#### What the task asks:
Could you retype all of the records exactly, leaving out every picture?

Image-text web data
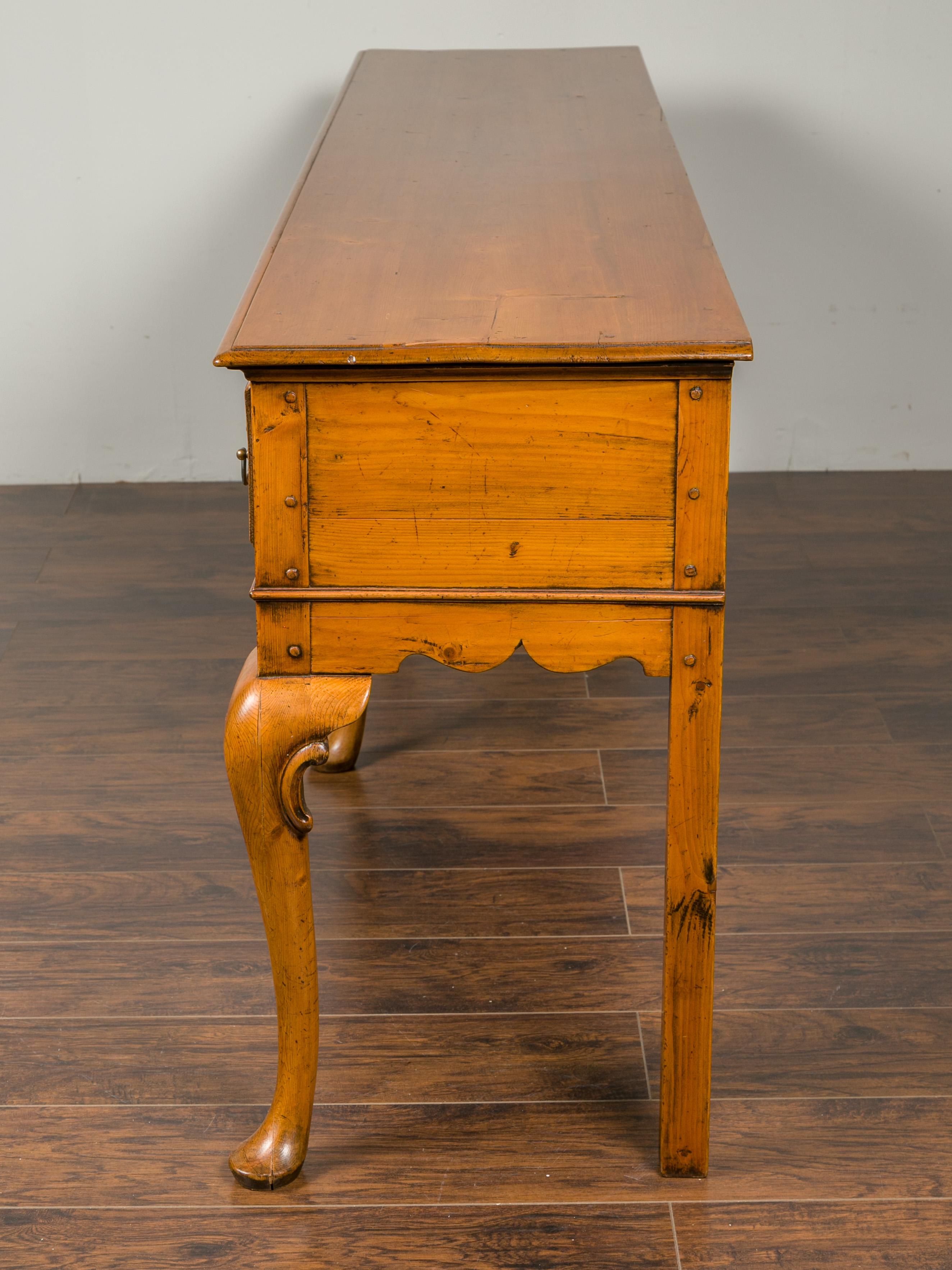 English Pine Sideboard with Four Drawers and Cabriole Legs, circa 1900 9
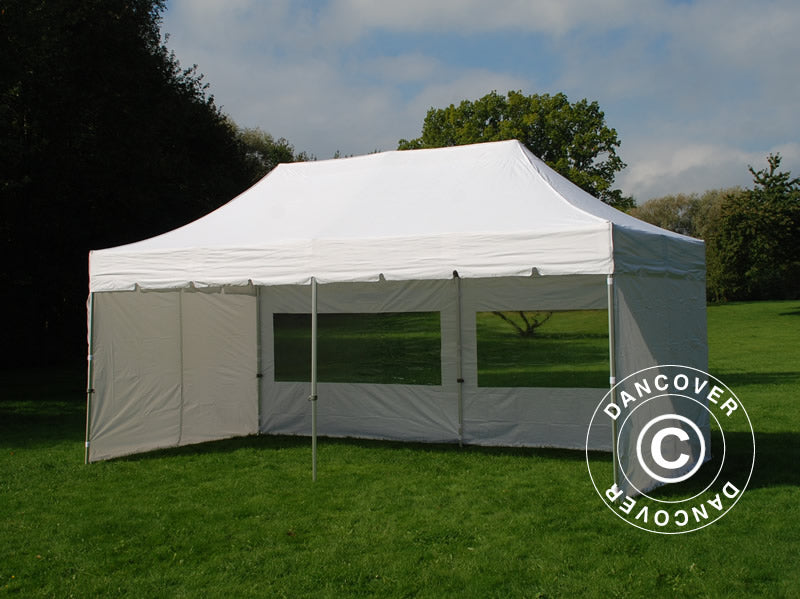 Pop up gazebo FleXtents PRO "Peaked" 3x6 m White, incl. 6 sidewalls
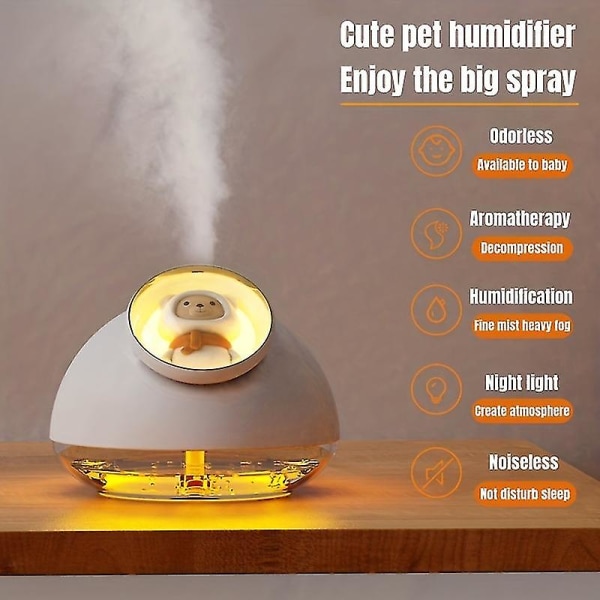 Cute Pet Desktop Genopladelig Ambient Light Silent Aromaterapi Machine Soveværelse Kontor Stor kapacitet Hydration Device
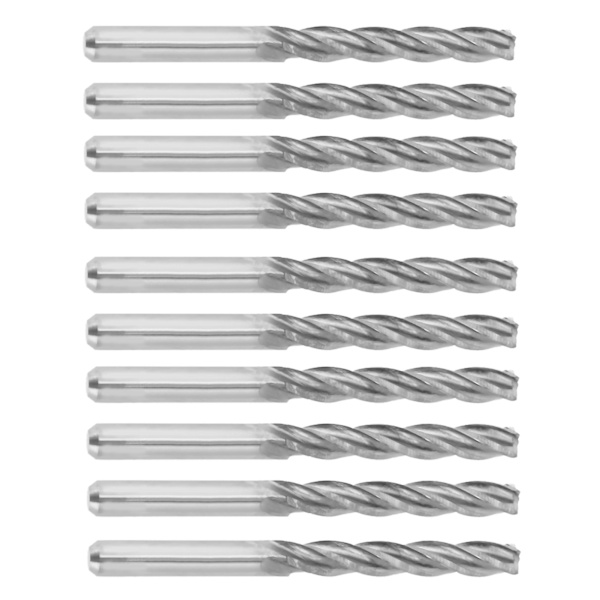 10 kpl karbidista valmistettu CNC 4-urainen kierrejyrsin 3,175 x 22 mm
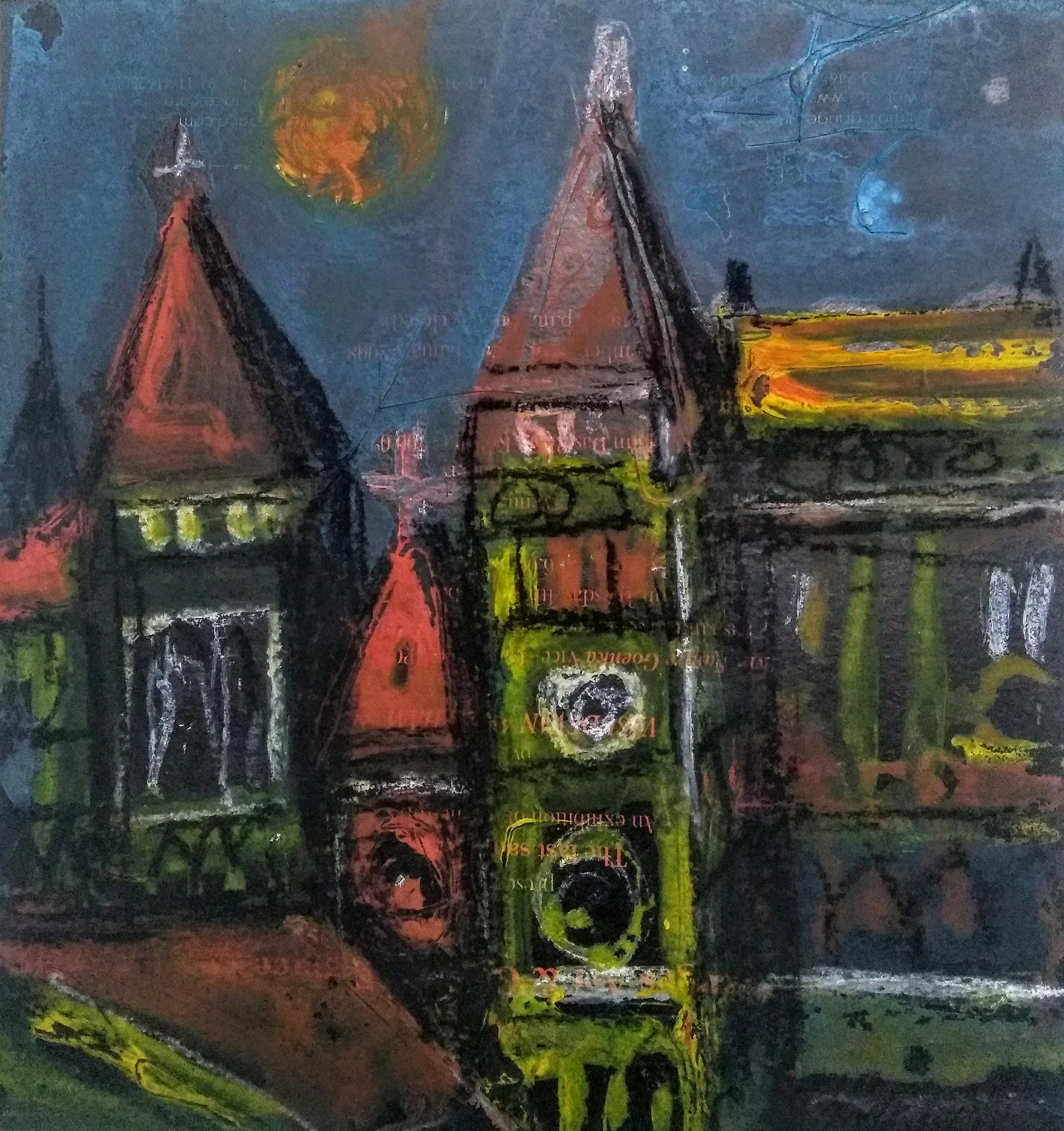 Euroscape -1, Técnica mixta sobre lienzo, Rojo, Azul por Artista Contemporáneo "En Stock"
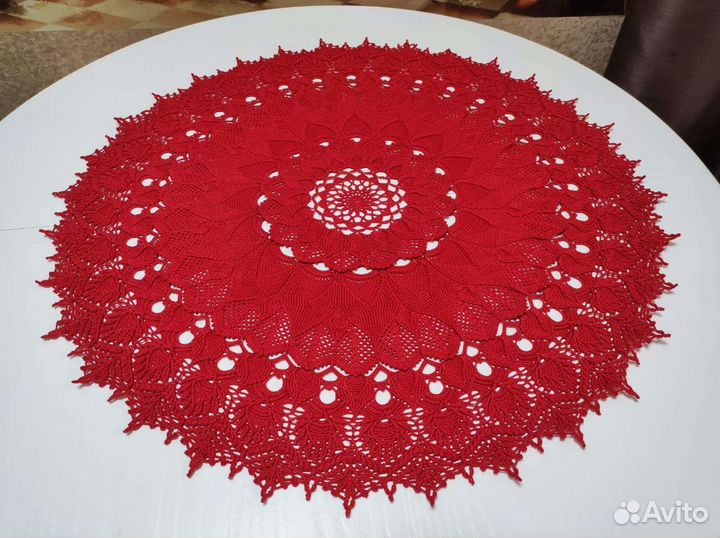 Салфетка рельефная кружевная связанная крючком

#### Response to the exercise:
 English Pine Sideboard with Four Drawers and Cabriole Legs, circa 1900 9
 Pop up gazebo FleXtents PRO "Peaked" 3x6 m White, incl. 6 sidewalls
 Cute Pet Desktop Genopladelig Ambient Light Silent Aromaterapi Machine Soveværelse Kontor Stor kapacitet Hydration Device
 10 kpl karbidista valmistettu CNC 4-urainen kierrejyrsin 3,175 x 22 mm
 Euroscape -1, Técnica mixta sobre lienzo, Rojo, Azul por Artista Contemporáneo "En Stock"
 Салфетка рельефная кружевная связанная крючком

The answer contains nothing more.